### What you have to do
The lines from the start of the data through the line containing "liegender Golden Retriever" are to be reproduced exactly, both ends included.

### Information
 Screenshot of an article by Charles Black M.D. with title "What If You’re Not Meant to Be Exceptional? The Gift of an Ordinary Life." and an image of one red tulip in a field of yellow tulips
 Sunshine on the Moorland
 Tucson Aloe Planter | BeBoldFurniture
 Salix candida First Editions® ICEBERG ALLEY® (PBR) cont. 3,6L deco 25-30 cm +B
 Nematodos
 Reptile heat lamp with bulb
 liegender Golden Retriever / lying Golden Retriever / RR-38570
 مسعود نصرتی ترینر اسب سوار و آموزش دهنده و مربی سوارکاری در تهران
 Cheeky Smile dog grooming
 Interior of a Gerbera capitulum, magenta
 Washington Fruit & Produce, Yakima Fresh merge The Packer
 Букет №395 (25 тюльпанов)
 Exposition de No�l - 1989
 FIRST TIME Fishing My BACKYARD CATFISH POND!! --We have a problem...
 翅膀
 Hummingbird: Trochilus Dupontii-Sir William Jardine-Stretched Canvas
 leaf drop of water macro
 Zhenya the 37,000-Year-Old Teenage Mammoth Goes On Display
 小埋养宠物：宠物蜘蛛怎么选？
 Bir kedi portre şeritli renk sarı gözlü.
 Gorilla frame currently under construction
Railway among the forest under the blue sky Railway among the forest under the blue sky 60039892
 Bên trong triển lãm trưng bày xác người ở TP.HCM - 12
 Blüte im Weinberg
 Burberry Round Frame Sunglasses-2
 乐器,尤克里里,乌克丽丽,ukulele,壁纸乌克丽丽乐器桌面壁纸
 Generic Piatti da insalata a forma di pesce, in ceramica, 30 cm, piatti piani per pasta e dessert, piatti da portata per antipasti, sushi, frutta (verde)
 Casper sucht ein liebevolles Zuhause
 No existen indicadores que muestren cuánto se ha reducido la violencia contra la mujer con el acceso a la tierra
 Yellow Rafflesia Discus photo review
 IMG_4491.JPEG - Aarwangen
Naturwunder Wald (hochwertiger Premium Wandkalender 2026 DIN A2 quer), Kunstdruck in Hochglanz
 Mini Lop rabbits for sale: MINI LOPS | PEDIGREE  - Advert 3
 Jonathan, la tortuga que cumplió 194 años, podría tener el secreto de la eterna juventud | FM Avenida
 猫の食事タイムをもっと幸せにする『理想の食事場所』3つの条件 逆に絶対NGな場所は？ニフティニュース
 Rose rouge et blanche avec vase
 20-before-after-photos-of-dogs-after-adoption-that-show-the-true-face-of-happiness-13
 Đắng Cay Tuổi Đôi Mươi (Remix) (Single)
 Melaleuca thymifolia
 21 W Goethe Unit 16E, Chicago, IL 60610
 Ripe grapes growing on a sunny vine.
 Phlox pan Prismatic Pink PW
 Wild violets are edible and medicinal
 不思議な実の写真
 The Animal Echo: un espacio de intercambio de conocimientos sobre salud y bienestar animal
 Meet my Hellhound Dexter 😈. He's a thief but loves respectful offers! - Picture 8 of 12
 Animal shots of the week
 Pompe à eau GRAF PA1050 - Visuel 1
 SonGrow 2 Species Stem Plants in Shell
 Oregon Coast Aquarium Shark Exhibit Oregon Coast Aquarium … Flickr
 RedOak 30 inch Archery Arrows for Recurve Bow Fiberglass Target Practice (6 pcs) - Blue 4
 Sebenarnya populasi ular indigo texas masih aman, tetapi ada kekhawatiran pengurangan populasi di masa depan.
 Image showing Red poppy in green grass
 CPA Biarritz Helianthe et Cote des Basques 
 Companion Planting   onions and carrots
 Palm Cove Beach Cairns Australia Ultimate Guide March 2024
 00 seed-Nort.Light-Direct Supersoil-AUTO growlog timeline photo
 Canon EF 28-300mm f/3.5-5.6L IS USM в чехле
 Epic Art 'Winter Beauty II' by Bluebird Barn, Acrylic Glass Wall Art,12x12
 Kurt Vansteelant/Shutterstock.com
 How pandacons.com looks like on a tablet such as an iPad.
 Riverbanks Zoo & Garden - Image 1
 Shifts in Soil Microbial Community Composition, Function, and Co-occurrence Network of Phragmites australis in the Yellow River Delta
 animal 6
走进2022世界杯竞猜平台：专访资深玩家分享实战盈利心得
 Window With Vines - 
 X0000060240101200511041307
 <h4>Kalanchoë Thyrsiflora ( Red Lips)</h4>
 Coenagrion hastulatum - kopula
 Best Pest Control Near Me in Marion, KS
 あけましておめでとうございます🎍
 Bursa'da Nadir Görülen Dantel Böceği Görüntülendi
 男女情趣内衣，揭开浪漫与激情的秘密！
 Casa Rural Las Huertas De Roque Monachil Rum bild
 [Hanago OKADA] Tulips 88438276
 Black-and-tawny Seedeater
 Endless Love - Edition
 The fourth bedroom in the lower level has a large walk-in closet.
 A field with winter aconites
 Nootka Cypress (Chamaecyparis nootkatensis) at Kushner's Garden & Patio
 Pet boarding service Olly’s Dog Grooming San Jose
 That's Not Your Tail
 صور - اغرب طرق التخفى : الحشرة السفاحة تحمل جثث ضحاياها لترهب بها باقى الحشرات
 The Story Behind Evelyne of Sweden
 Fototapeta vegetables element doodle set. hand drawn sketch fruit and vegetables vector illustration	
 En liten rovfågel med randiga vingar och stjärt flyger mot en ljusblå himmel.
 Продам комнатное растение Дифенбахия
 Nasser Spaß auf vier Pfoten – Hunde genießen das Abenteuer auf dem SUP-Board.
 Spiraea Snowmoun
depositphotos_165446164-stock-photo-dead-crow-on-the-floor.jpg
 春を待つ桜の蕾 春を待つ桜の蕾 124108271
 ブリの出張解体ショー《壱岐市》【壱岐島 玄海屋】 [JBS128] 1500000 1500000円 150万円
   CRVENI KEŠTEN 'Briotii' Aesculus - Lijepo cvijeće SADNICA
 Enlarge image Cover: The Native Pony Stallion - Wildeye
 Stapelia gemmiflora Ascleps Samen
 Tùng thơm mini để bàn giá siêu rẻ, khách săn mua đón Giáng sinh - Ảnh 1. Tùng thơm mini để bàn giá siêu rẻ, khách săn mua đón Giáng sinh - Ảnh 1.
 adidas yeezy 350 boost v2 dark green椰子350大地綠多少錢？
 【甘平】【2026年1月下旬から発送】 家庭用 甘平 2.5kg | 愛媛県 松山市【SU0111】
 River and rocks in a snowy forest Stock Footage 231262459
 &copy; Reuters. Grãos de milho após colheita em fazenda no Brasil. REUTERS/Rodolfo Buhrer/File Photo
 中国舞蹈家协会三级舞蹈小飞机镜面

### Your response
 Screenshot of an article by Charles Black M.D. with title "What If You’re Not Meant to Be Exceptional? The Gift of an Ordinary Life." and an image of one red tulip in a field of yellow tulips
 Sunshine on the Moorland
 Tucson Aloe Planter | BeBoldFurniture
 Salix candida First Editions® ICEBERG ALLEY® (PBR) cont. 3,6L deco 25-30 cm +B
 Nematodos
 Reptile heat lamp with bulb
 liegender Golden Retriever / lying Golden Retriever / RR-38570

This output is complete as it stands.